_Work to be completed_
Leaving out the pictures, restate each record below word for word.

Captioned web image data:
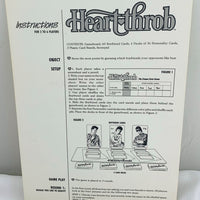 Heart Throb Game - 1988 - Milton Bradley - Great Condition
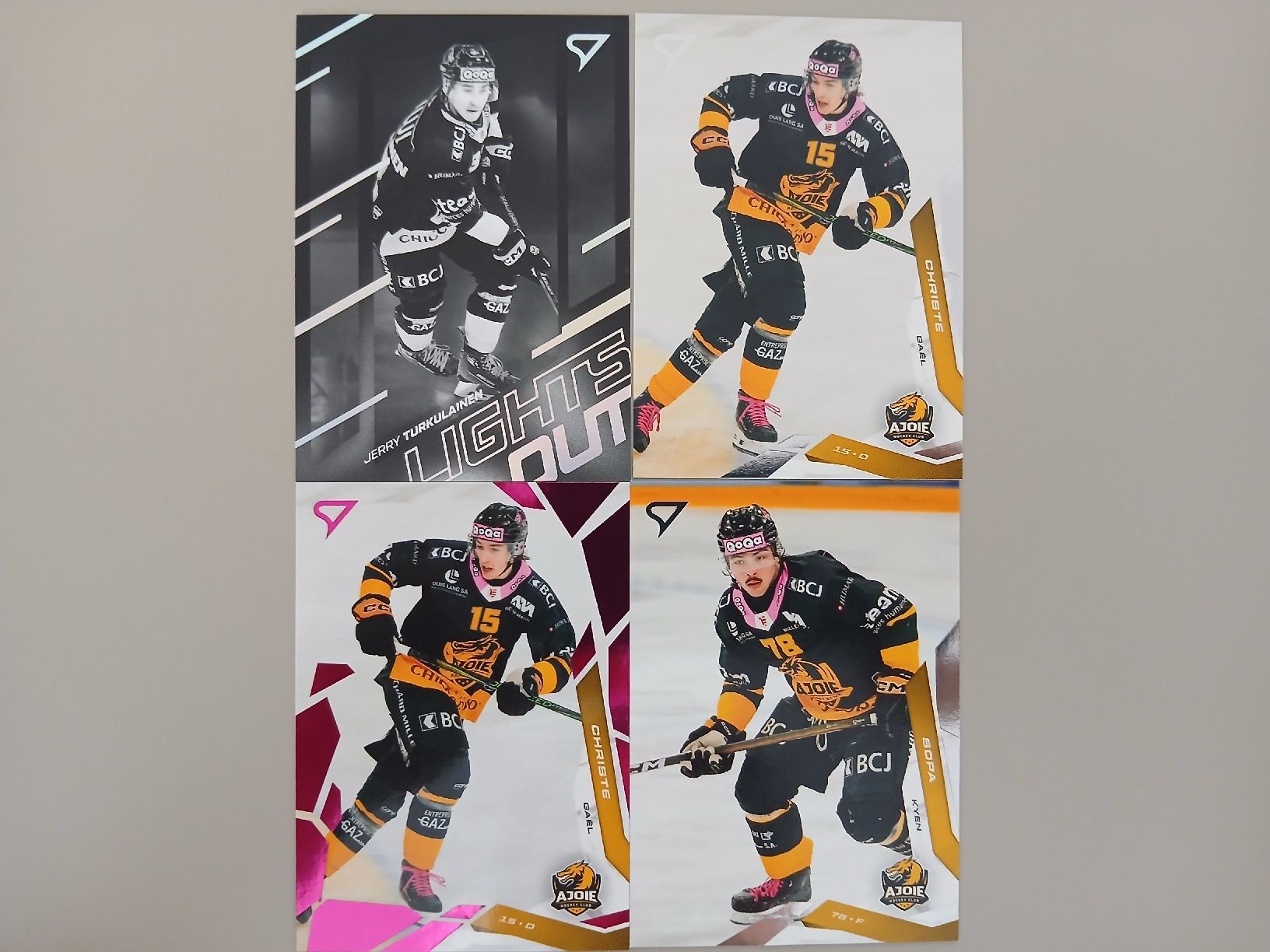 Sportzoo Cartes à collectionner: Diverse Ajoie Karten – Neuf (Voir description) à Düdingen par oliheimo92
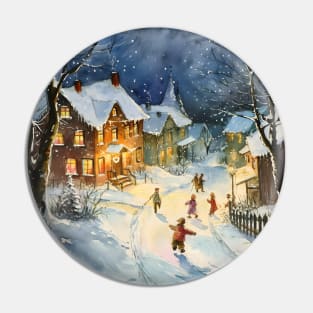 Explore Creative Joy: Holiday Art, Christmas Paintings and Unique Designs for the Season Pin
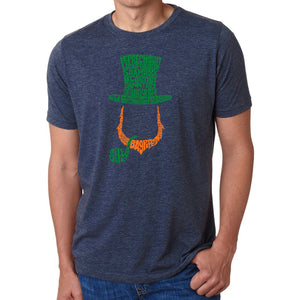 Leprechaun  - Men's Premium Blend Word Art T-Shirt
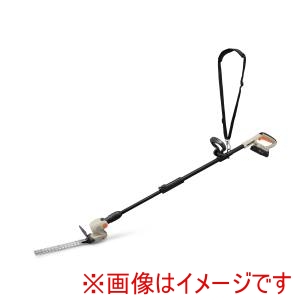 アイリスオーヤマ IRIS アイリスオーヤマ JPHT254TC 充電式ポールヘッジトリマー サンドベージュ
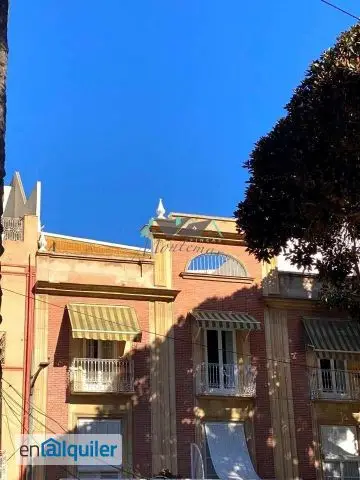Ático para todo el año en el centro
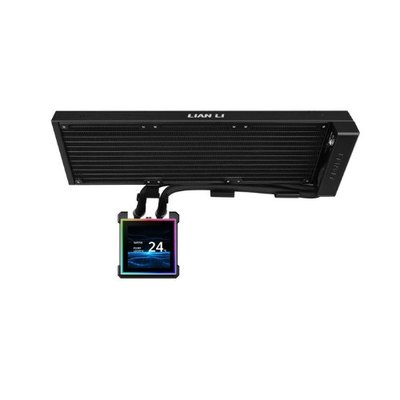 LIAN LI HydroShift II OLED Curved 360 Fanless Negro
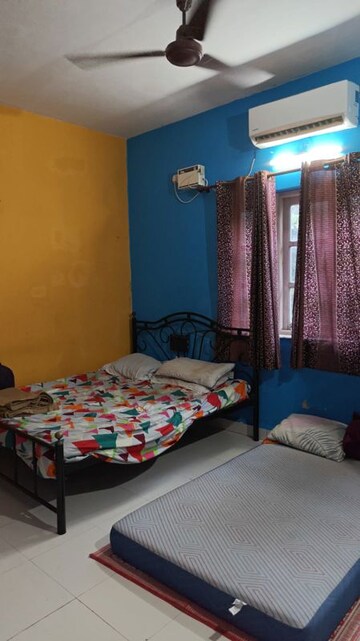 Bedroom in 1 BHK Apartment at Calangute – for Rent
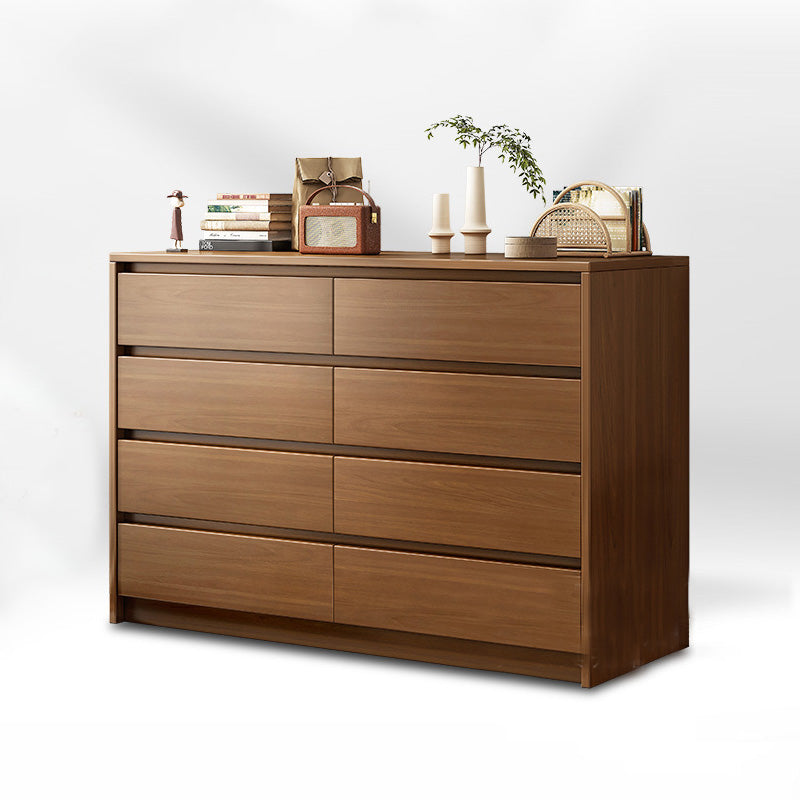 Dresse per il torace di stoccaggio in legno da 16 "D BEDE CAMPIO MODERNO MODERNO MODERNO IN BIANCO E CRORA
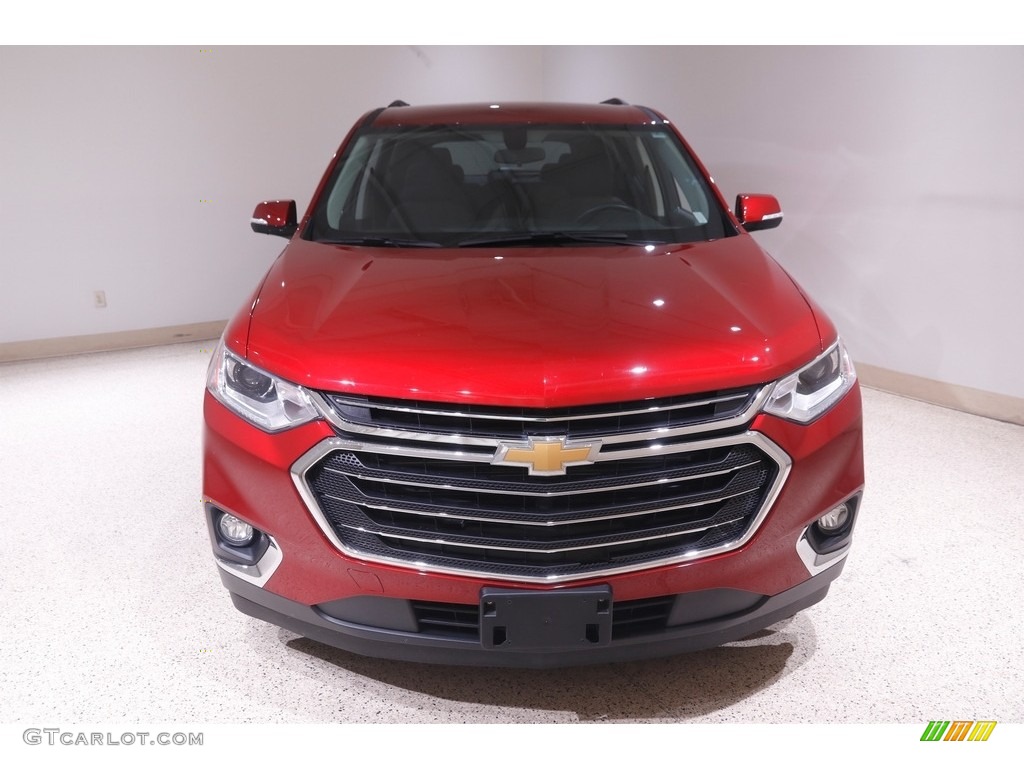 2019 Traverse LT AWD - Cajun Red Tintcoat / Jet Black photo #2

_Solution for this task_
 Heart Throb Game - 1988 - Milton Bradley - Great Condition
 Sportzoo Cartes à collectionner: Diverse Ajoie Karten – Neuf (Voir description) à Düdingen par oliheimo92
 Explore Creative Joy: Holiday Art, Christmas Paintings and Unique Designs for the Season Pin
 Leprechaun  - Men's Premium Blend Word Art T-Shirt
 アイリスオーヤマ IRIS アイリスオーヤマ JPHT254TC 充電式ポールヘッジトリマー サンドベージュ
Ático para todo el año en el centro
 LIAN LI HydroShift II OLED Curved 360 Fanless Negro
 Bedroom in 1 BHK Apartment at Calangute – for Rent
 Dresse per il torace di stoccaggio in legno da 16 "D BEDE CAMPIO MODERNO MODERNO MODERNO IN BIANCO E CRORA
 2019 Traverse LT AWD - Cajun Red Tintcoat / Jet Black photo #2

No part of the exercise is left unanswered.